I was fortunate enough to play senior footy at 16, where I'm from in the western suburbs of Melbourne, that was a pretty big deal. I found myself among some great men that taught me a lot more than they probably realized at the time. I was the little brother in that team, and having that love and support changed a lot of my behaviour. Suddenly I had something more than weight loss or my body to care about. I was a part of a team and had to prepare my body for performance. Something that meant the world to me and provided the playground for building confidence.
Fast forward a couple of years; my final English essay was titled 'More than a Voice'. The landscape has changed a lot in the last two decades about mental health but back then, it was a pretty bold move, and I detailed the struggle with the voice in my head. The analysis of a day is based on whether I ate well or exercised enough. The talons of guilt grab you by the neck after consuming something 'bad'—the false economy of exchanging a meal for high-intensity exercise. The cycle is reinforced by a positive comment from someone who feels they have the right to but has no idea about the behaviour that they're applauding. The paper then told of a dream to create a life where I challenged the negative voices in others' heads—a path where I connected people to their value. I was going to get an education, build something I'm proud of and challenge the false economy, cheap win, vanity based culture that, believe it or not, was around before Instagram! A little bit like the environment I stumbled across in that footy club at 16. I've found a way to do it through community, exercise and nutrition as a side dish to empathy and compassion.
You're far more than the house you live in, the car you drive, and the body you inhabit. That body that you might not be happy with or you wish was a different size or a little bit leaner; it's the only one you've got! Having spent the better part of my adult life learning about the body, I can tell you it's absolutely amazing, even yours!

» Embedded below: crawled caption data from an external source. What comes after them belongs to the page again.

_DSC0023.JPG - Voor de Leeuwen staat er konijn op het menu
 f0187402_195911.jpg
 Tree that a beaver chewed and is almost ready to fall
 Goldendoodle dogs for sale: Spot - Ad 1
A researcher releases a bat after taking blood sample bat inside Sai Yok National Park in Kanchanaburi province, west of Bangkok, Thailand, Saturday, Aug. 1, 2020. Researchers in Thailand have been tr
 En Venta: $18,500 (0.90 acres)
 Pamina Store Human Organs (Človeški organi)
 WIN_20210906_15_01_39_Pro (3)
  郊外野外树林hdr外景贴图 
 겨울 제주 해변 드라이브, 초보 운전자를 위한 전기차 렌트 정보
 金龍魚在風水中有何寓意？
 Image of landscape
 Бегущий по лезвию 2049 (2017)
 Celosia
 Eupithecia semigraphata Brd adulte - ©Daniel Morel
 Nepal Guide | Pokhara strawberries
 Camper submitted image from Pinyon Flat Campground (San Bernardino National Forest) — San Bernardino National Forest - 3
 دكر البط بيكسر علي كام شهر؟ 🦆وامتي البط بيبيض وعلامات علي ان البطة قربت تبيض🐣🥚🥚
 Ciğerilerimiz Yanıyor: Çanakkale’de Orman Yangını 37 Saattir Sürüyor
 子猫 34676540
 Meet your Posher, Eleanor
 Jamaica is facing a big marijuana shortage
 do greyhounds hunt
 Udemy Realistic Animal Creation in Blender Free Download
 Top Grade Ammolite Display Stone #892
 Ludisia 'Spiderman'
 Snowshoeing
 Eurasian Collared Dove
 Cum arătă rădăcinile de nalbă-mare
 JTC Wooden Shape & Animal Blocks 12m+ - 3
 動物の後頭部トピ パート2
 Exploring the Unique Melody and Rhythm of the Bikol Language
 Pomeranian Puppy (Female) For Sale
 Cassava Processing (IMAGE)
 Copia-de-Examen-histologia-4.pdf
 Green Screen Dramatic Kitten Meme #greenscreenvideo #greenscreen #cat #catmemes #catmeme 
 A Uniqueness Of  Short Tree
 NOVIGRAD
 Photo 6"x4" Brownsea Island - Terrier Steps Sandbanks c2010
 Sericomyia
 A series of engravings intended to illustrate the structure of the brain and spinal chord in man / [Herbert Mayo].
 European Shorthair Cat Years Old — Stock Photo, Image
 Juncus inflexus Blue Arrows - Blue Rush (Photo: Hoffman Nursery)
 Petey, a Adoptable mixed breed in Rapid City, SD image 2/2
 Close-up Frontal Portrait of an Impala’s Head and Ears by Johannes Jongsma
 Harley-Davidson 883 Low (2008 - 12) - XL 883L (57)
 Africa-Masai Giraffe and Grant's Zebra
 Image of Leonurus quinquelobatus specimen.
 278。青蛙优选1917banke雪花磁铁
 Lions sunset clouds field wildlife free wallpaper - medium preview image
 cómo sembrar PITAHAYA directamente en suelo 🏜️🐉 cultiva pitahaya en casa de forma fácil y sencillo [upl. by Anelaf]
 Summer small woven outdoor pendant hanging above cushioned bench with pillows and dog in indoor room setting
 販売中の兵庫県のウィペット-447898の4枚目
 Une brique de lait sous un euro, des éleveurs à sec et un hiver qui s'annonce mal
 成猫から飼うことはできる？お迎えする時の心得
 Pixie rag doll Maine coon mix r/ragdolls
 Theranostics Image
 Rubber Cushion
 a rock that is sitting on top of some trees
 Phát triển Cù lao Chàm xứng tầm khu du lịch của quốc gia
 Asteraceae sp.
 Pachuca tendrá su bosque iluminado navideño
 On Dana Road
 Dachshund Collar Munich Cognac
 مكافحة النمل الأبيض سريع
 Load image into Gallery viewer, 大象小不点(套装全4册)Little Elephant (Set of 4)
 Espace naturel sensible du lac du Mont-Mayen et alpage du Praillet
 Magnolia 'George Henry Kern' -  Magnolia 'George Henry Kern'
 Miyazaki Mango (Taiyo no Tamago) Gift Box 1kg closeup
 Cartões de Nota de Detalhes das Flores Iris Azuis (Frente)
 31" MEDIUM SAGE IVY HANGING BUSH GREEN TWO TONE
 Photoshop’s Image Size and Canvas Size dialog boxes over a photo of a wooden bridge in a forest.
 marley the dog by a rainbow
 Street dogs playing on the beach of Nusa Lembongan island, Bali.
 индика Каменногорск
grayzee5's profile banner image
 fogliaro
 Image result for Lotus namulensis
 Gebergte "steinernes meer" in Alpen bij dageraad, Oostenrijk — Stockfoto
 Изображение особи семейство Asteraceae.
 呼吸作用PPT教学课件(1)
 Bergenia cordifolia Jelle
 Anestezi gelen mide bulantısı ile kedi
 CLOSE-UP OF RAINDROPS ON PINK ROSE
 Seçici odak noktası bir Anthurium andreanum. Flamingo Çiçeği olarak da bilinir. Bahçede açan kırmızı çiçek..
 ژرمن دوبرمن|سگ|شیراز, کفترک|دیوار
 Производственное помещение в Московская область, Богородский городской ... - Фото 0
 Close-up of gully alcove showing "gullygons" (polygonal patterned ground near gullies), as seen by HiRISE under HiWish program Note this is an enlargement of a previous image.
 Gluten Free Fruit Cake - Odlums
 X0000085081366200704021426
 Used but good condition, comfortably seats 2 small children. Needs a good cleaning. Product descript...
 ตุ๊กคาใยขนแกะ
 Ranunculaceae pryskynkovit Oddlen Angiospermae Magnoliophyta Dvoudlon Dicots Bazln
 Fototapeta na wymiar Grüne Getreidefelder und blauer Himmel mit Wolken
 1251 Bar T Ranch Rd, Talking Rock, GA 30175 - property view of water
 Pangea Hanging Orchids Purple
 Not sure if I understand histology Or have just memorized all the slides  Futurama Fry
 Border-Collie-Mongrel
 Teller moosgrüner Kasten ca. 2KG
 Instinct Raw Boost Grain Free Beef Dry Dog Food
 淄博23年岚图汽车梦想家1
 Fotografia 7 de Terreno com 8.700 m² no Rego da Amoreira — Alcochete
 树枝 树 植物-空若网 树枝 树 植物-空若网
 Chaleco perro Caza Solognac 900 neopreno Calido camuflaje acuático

We all come in different shapes and sizes, but it's my belief that our body is our greatest tool and asset for living a high-quality life. Fitness is the perfect playground for it. To become a priority in your life again, build confidence and connect you to that deeper intuition that we all have within us. We need to get you moving! Whether it's walking, pilates, weight training, or jogging, I don't care, but exercise provides the action for change. It's the catalyst to move from reactive deficit-based thinking into a proactive improved version of yourself. Yes, your body composition will likely change as a result, but that's a by-product, not the reason to start. What if the next walk or run or training session or breakfast, lunch or dinner wasn't a calculation or an attempt to create a greater deficit? What if it was an act of self-respect, an opportunity for you to access a better part of your brain and a better level of thinking to be a better mom, dad, son, daughter, teacher, learner, and human being.
The world will never get another you, and you will never get another body. So rather than fight it and hate it and crave a different one, thank it, nourish it and use it to help you improve your life.